The grip on this knife is my favorite part. It is made from a non-slip polymer that is easily cleaned and feels good to hold.
The KastKing fillet knife comes with a sheath specifically designed to securely lock the knife in place while still being easy to remove. This is a great feature so it does not accidentally come out of the sheath in your tackle box or go-bag.
What do owners say
Don’t take my word for it. I also searched the Internet to find out what people who have used this knife for some time have to say about it.
Pros: People who have used this knife for a long time like its durability. Most say their knife was razor sharp out of the box and easy to sharpen. People also like the durable sheath that comes with the knife. Most owners also love how the handle feels in their hand and how easy it is to clean.
Cons: A few people claim their knives were dull out of the box (though easily sharpened). Some people also noticed there is not a way to attach the knife sheath to a belt. In my opinion, a filet knife is something to leave at camp or in the tackle box and not carry with you while fishing). Owners also report that this knife does not float.
Click here to buy the KastKing 7 inch fillet knife.
Features & Benefits
This is a great knife also and for the price point, my favorite. The blade is razor sharp and 7 inches is the perfect length for an all-purpose fillet knife. The blade also flexes perfectly for a 7 inch blade.
The reason the PLUSINNO fillet knife did not make my top pick is because of the handle. Don’t get me wrong, the handle is acceptable and feels good. I did not find the handle to be as comfortable as my top pick. The handle is made of a slip resistant polymer which is easy to clean. You will have a good grip on this knife for delicate cuts.
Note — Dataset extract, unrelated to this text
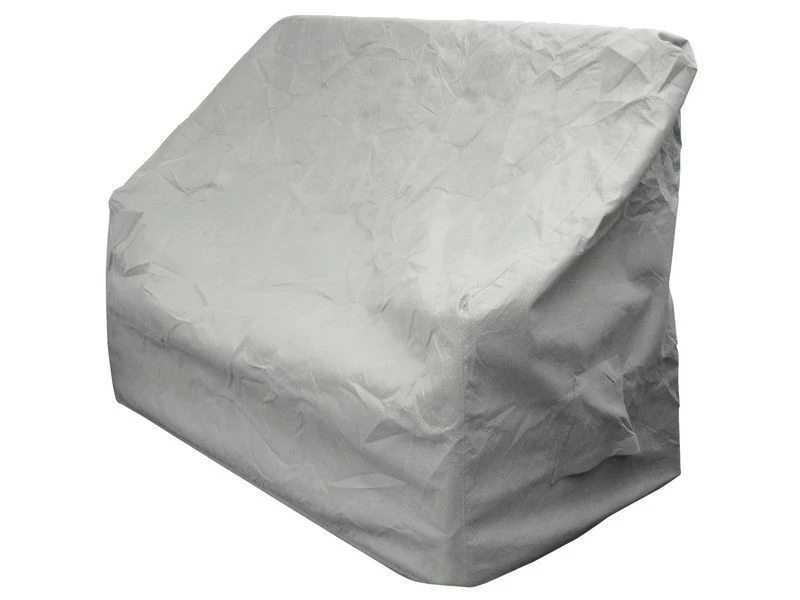 Eurotrail Lounge Bank Hoes 150 3 Eurotrail Lounge Bank Hoes 150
The knife sheath appears durable and locks the knife in place while still being easy to remove for use. It also has open slots to allow the knife to dry easily.
What do owners say
Pros: Most owners rave about the sharpness of his knife out of the box. They think the flex is the right amount for a 7 inch knife. Owners also report the knife is easy to sharpen.
Cons: A few owners had problems with the knife easily falling out of the sheath. Owners also found that this knife does not float.
Click here to buy the PLUSINNO Fishing Fillet Knife.
Features & Benefits
There is a lot to like about this knife. The first thing to notice is the Rhinoreto fish fillet knife comes with a sharpener unlike the other knives I reviewed. This is a great feature, especially at this price point.
The blade is razor sharp out of the box and provides the right amount of flex for a knife of this length. My preference is a 7 inch blade, but 6 ½ is close enough for most jobs. The manufacturer coats the knife blade with a non-stick coating. This coating makes meat slide right off and makes cutting easier. In my opinion, a non-stick surface is unnecessary in a fillet knife but not a bad feature to have.
The sheath is lightweight and perfectly protects the blade. It performs as a sheath should and has a nice design that locks the knife in.
What do owners say
Pros: Owners love the grip. It is ergonomically friendly and fits well in the hand. The shape of the blade is perfect for filleting fish. They also like the fact that it comes with a sharpener.
Cons: Many owners claim the knife dulls quickly and needs sharpening often.
Click here to buy the Rhinoreto Fish Fillet Knife.
The KastKing 7 inch fillet knife is my favorite. The durability and flex in the blade makes this knife easy to handle and make precision cuts when filleting fish. The handle is extraordinarily comfortable and feels secure. Even when covered in fish oil, the material on the handle should not become very slick. The knife is easy to clean and does not soak up fish smells as sometimes occurs with fillet knives.